Problem statement>
In the reply, give back exactly the lines from the one with "Academic background. Computer" through the last line of the records, without pictures.

== Segment start ==

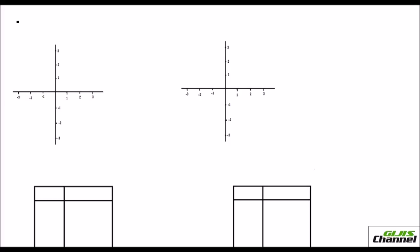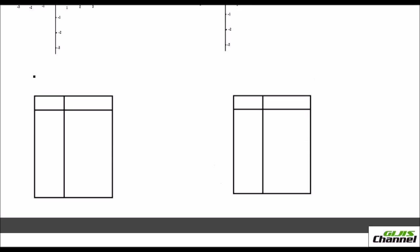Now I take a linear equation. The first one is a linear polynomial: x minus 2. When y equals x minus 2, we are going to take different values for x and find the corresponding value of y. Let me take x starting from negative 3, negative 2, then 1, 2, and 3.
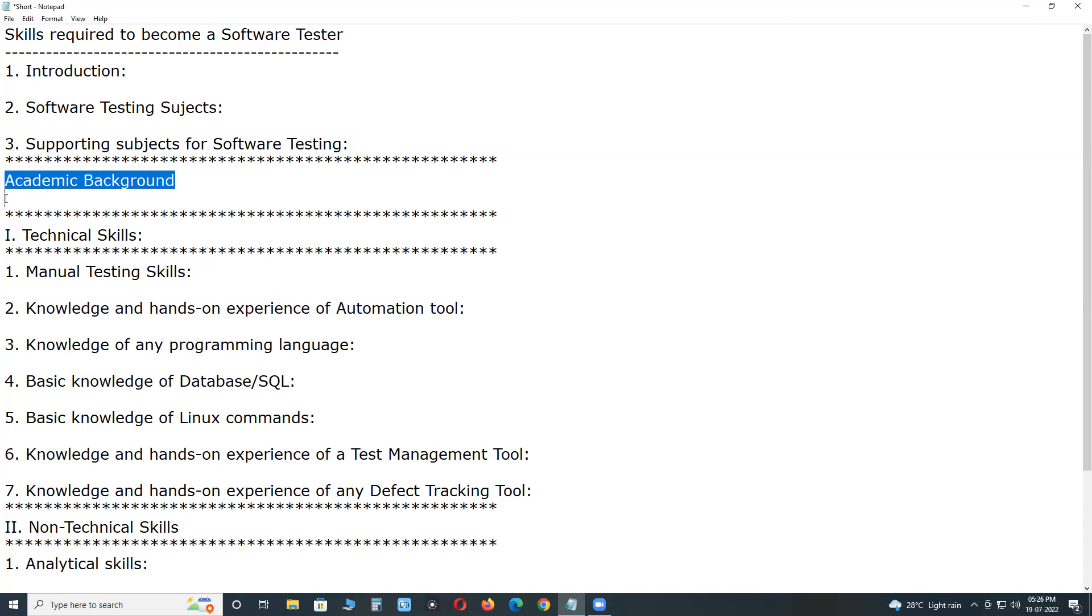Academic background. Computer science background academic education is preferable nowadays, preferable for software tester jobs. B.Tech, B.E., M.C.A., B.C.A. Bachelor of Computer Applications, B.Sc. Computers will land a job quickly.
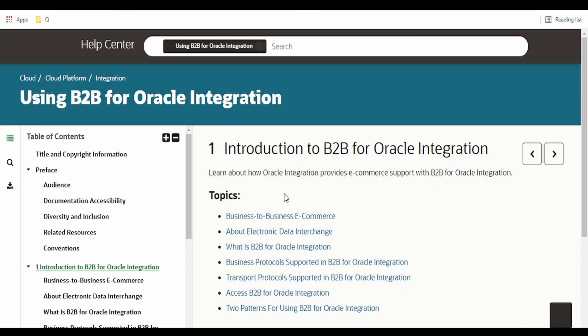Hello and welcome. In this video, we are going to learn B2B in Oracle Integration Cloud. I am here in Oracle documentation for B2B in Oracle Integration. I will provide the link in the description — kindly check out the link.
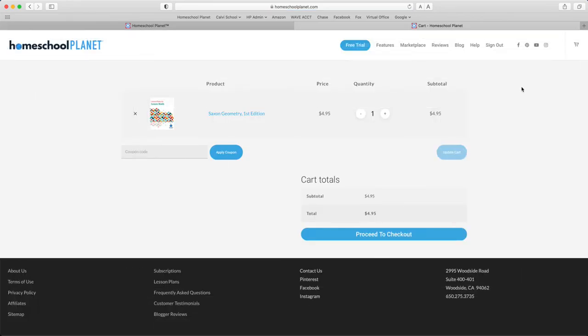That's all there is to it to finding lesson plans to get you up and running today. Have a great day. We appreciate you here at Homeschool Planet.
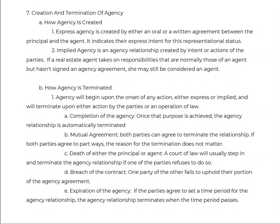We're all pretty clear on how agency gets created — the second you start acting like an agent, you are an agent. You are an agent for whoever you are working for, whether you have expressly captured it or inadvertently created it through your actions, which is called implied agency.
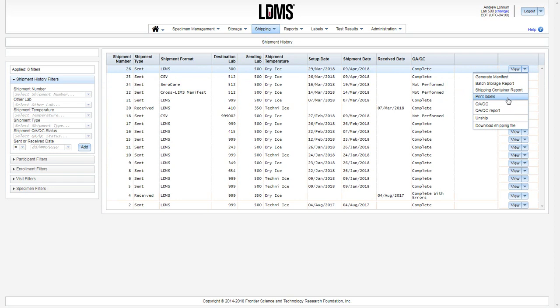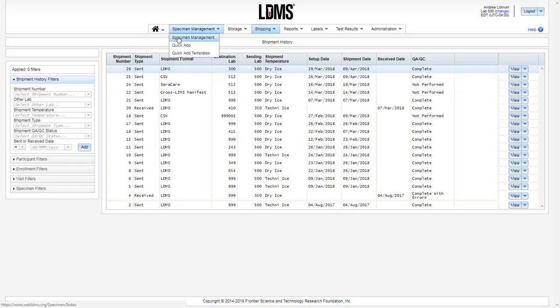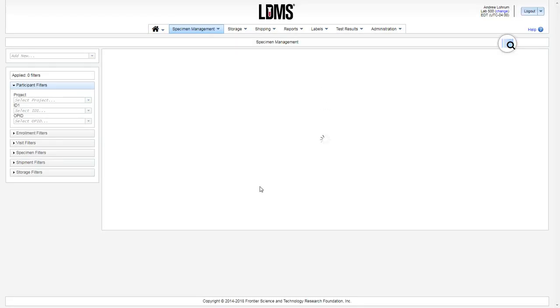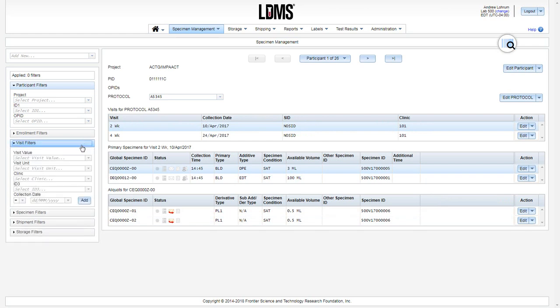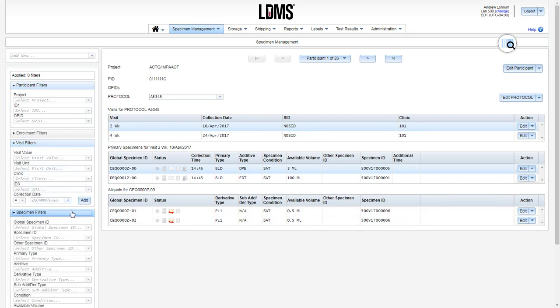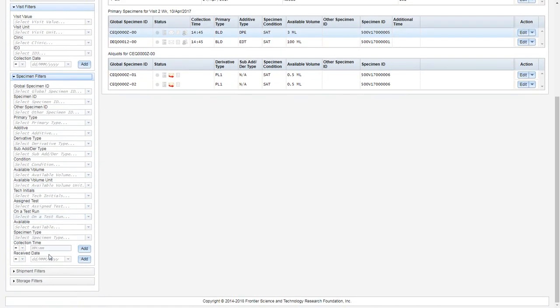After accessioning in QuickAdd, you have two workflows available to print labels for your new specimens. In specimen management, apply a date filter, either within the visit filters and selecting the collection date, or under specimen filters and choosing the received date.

== Segment end ==

Result of this exercise>
Academic background. Computer science background academic education is preferable nowadays, preferable for software tester jobs. B.Tech, B.E., M.C.A., B.C.A. Bachelor of Computer Applications, B.Sc. Computers will land a job quickly.
Hello and welcome. In this video, we are going to learn B2B in Oracle Integration Cloud. I am here in Oracle documentation for B2B in Oracle Integration. I will provide the link in the description — kindly check out the link.
That's all there is to it to finding lesson plans to get you up and running today. Have a great day. We appreciate you here at Homeschool Planet.
We're all pretty clear on how agency gets created — the second you start acting like an agent, you are an agent. You are an agent for whoever you are working for, whether you have expressly captured it or inadvertently created it through your actions, which is called implied agency.
After accessioning in QuickAdd, you have two workflows available to print labels for your new specimens. In specimen management, apply a date filter, either within the visit filters and selecting the collection date, or under specimen filters and choosing the received date.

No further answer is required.